╭─ GIVEN MATERIAL

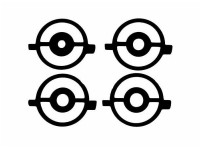 Air Arms Front Sight Inserts, 4ct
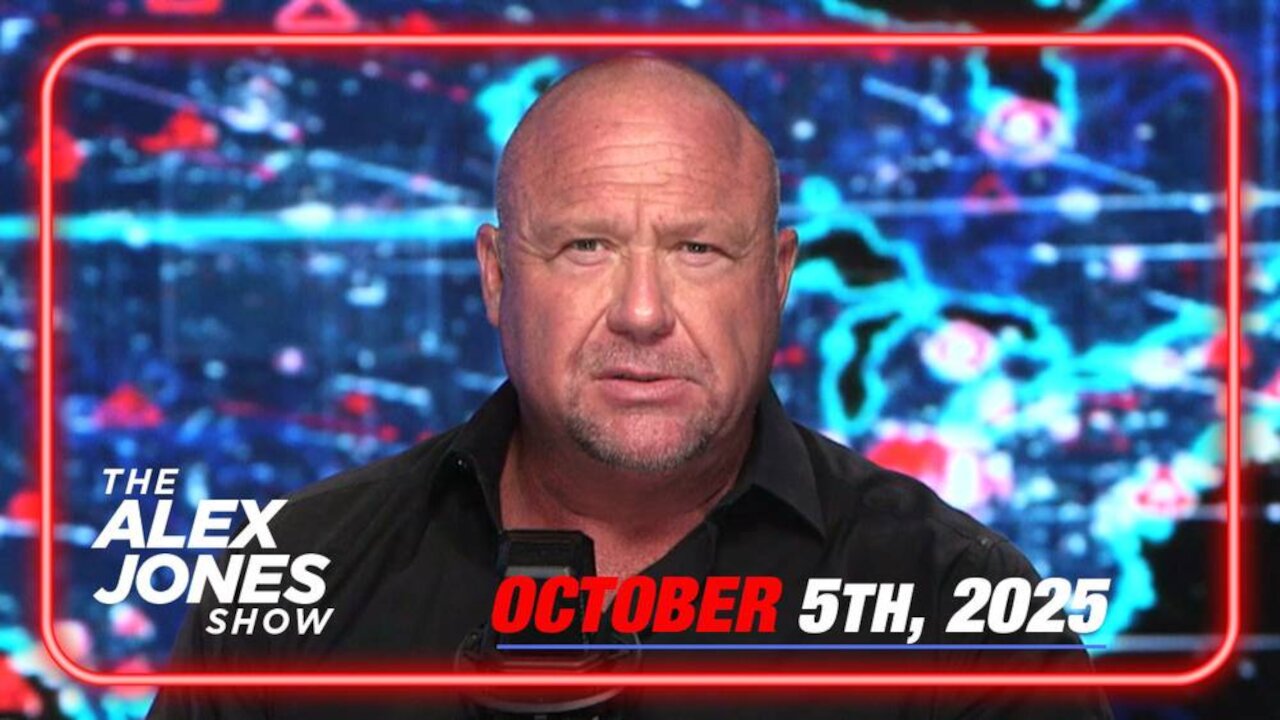 THE ALEX JONES SHOW - 10/5/2025: Civil War Alert! Dem Ill. Gov. Pritzker Defends Violent Attacks On ICE In Chicago, Dem Insurrectionist Judge Illegally Blocks Trump Sending Troops To Portland, Trump Responds BY Sending 300 Guard To Chicago
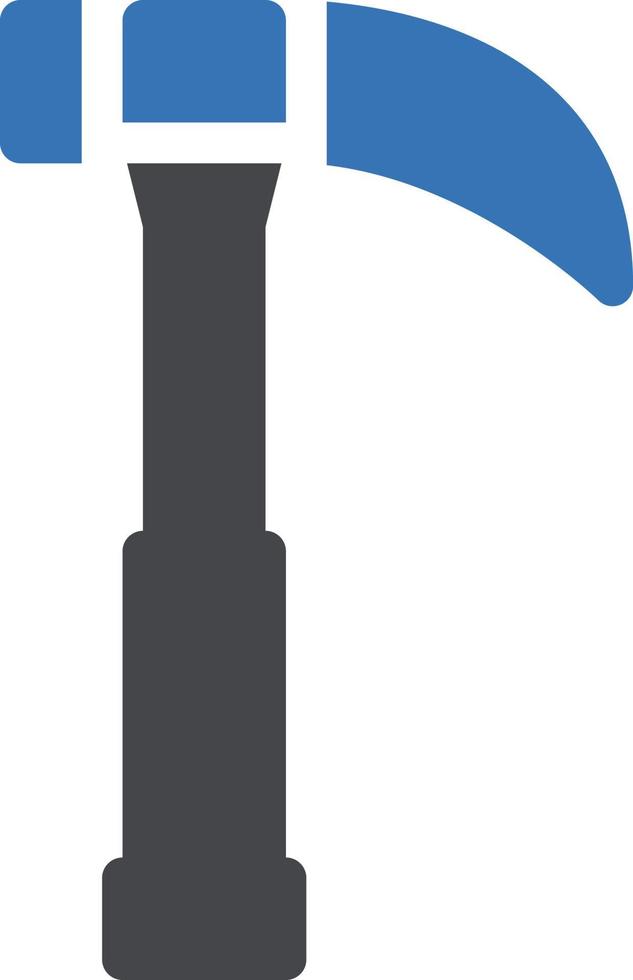 illustration vectorielle de marteau sur un background.symboles de qualité premium. icônes vectorielles pour le concept et la conception graphique. vecteur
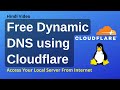 Free Dynamic DNS using Cloudflare | Access Your Local Server From Internet | Ubuntu DDNS | In Hindi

╰─

(WORK ITEM) Restate the full listing verbatim and drop every picture.

(RESPONSE AREA)
 Air Arms Front Sight Inserts, 4ct
 THE ALEX JONES SHOW - 10/5/2025: Civil War Alert! Dem Ill. Gov. Pritzker Defends Violent Attacks On ICE In Chicago, Dem Insurrectionist Judge Illegally Blocks Trump Sending Troops To Portland, Trump Responds BY Sending 300 Guard To Chicago
 illustration vectorielle de marteau sur un background.symboles de qualité premium. icônes vectorielles pour le concept et la conception graphique. vecteur
 Free Dynamic DNS using Cloudflare | Access Your Local Server From Internet | Ubuntu DDNS | In Hindi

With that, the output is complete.